In the late 1800s, the villa was purchased by Princess Marianne of Nassau who then gave it to her daughter, Carlotta (unbelievable but true) as a wedding present when she married Georg II of Saxe-Meiningen. Georg was dead keen on botany and would spend hours reading about flowers and all sorts of garden stuff in his library of hundreds of gardening volumes.
That’s all I can find out from the guidebook so I have no idea how we can all walk through it now. Clearly no-one lives there anymore. At some stage it must have been given to a trust or the government or some crazy person with too much money because now it’s a famous tourist highlight.
So we wandered all around, trying to approach the front of the villa by a circuitous route that didn’t involve going straight up any stairs. This part of our holiday has involved an awful lot of stairs! Lake Como is dominated by very high staircases and narrow streets. And that includes the flat!
Well, we managed it as far as the last set of steps but then there was nothing for it but to start climbing again. Once in the villa we were greeted by room after room of wonderful sculptures (some plaster, some marble). My favourite was a wonderful Eros and Psyche carved by Antonio Tadolini from a single block of marble in the early 1800s. Sadly no photos were allowed in the villa but I’ve managed to find this not very good one on a website which discusses the story rather than the sculpture.
I understand why artworks shouldn’t be subjected to flash photography plus it’s really annoying when cameras are flashing all around you but non-flash photography is such a an excellent form of free advertising I’m always surprised when places forbid it. Oh well. The above image is not very good so you’ll just have to believe me when I say how marvellous it was.
Finishing up in the villa, we wandered a lot more of the gardens (amazing camellias, azaleas, busy lizzie, and many, many roses) finally ending up at the cafe for a much needed espresso and milkshake before heading back to the ferry.
When I asked the ferry guy at the ticket booth for a ticket to Como he informed me that there was possibly a strike and therefore he didn’t know whether there’d be a ferry back to Como from there. This was rather odd but we figured we could just walk back to the other dock and try for there. Mirinda claimed they may have gone on strike because of my criminal activities of yesterday and the ticket guy maybe recognised me.
At the other dock, the guy clearly hadn’t heard about any strike or failure to pay for coffee. He sold me two tickets and we sat and waited for the slow boat to Como.
For the first bit, the ride was wonderful. There were just six of us up the top, enjoying the leisurely pace of life on the lake. Then we stopped at the the Isle of Comacina. A great swarm of teenage kids decided they’d join us upstairs.
Actually they weren’t too bad (although the other couples vanished downstairs pretty quickly) and the rest of the trip was lovely too.
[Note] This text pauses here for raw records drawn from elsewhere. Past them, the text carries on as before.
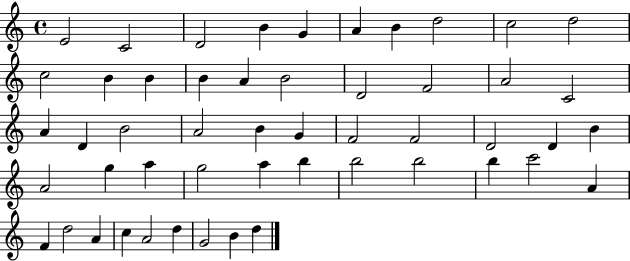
E4/h C4/h D4/h B4/q G4/q A4/q B4/q D5/h C5/h D5/h C5/h B4/q B4/q B4/q A4/q B4/h D4/h F4/h A4/h C4/h A4/q D4/q B4/h A4/h B4/q G4/q F4/h F4/h D4/h D4/q B4/q A4/h G5/q A5/q G5/h A5/q B5/q B5/h B5/h B5/q C6/h A4/q F4/q D5/h A4/q C5/q A4/h D5/q G4/h B4/q D5/q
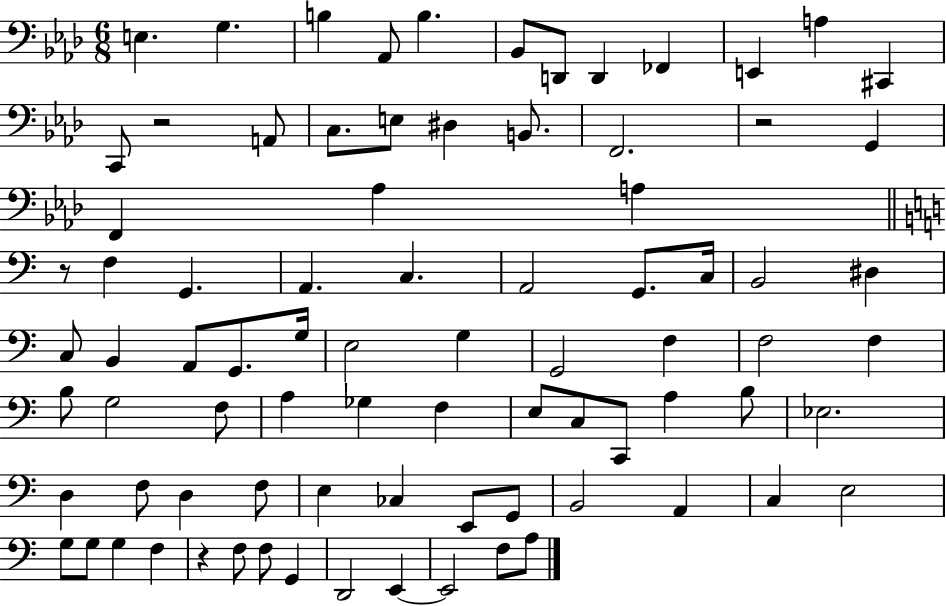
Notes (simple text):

E3/q. G3/q. B3/q Ab2/e B3/q. Bb2/e D2/e D2/q FES2/q E2/q A3/q C#2/q C2/e R/h A2/e C3/e. E3/e D#3/q B2/e. F2/h. R/h G2/q F2/q Ab3/q A3/q R/e F3/q G2/q. A2/q. C3/q. A2/h G2/e. C3/s B2/h D#3/q C3/e B2/q A2/e G2/e. G3/s E3/h G3/q G2/h F3/q F3/h F3/q B3/e G3/h F3/e A3/q Gb3/q F3/q E3/e C3/e C2/e A3/q B3/e Eb3/h. D3/q F3/e D3/q F3/e E3/q CES3/q E2/e G2/e B2/h A2/q C3/q E3/h G3/e G3/e G3/q F3/q R/q F3/e F3/e G2/q D2/h E2/q E2/h F3/e A3/e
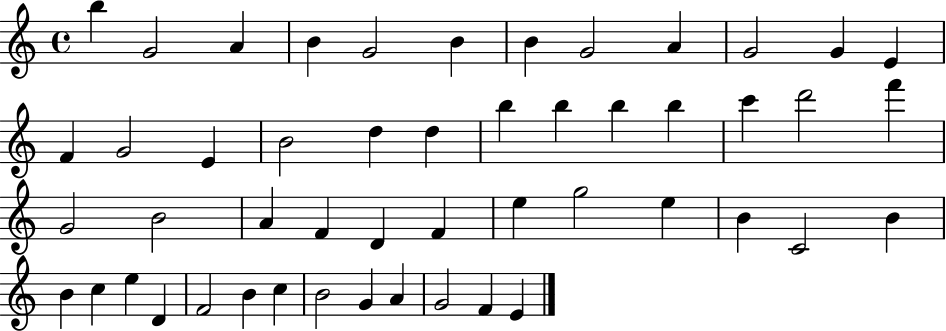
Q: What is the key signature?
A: C major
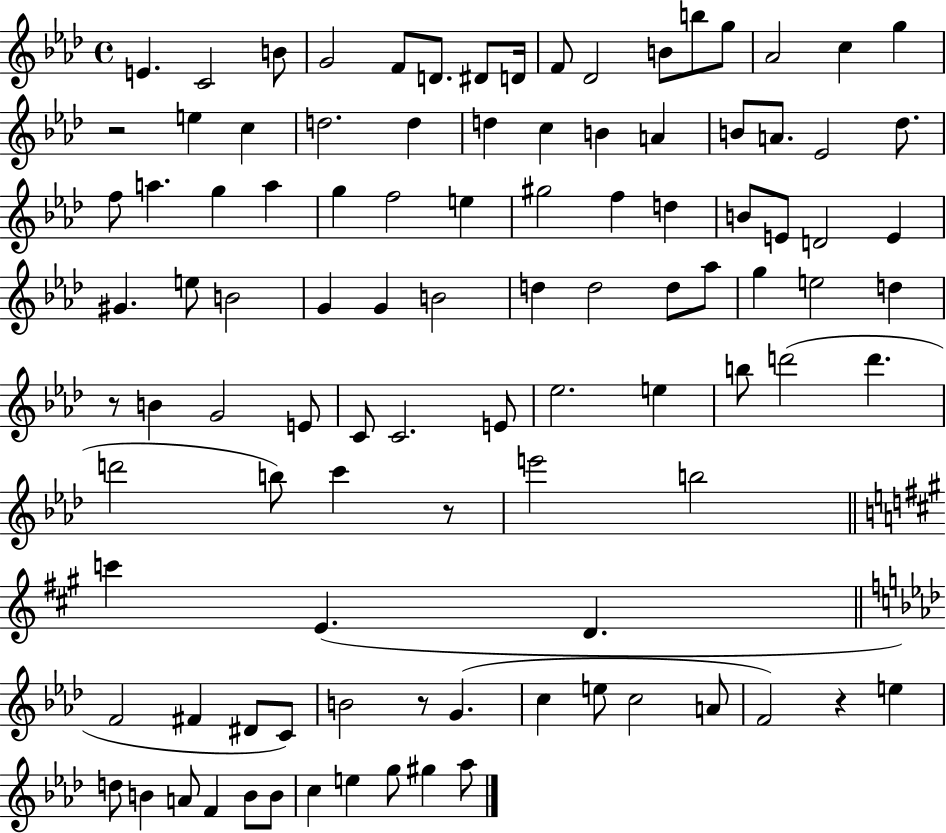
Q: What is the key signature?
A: AES major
Back at the apartment we rested up before heading out to dinner at a mushroom place we’d lost last night but found again tonight. A sweet but odd place that felt like you were in someone’s house. We both ordered the same entree and were perturbed to find we were given, without rhyme or reason, sliced ham, coleslaw and shredded lettuce. This was a bit odd but we figured it was about time we had some odd on this holiday.
Sadly that was it. The rest of the food was lovely, the wine was good (though it could have been put in an ice bucket) and we left lighter of wallet but fuller of tummy.
We had a final wander around the old town of Como, stopping off for a last ice cream at a local gelatto place before dragging ourselves up the four flights of stairs for the final time.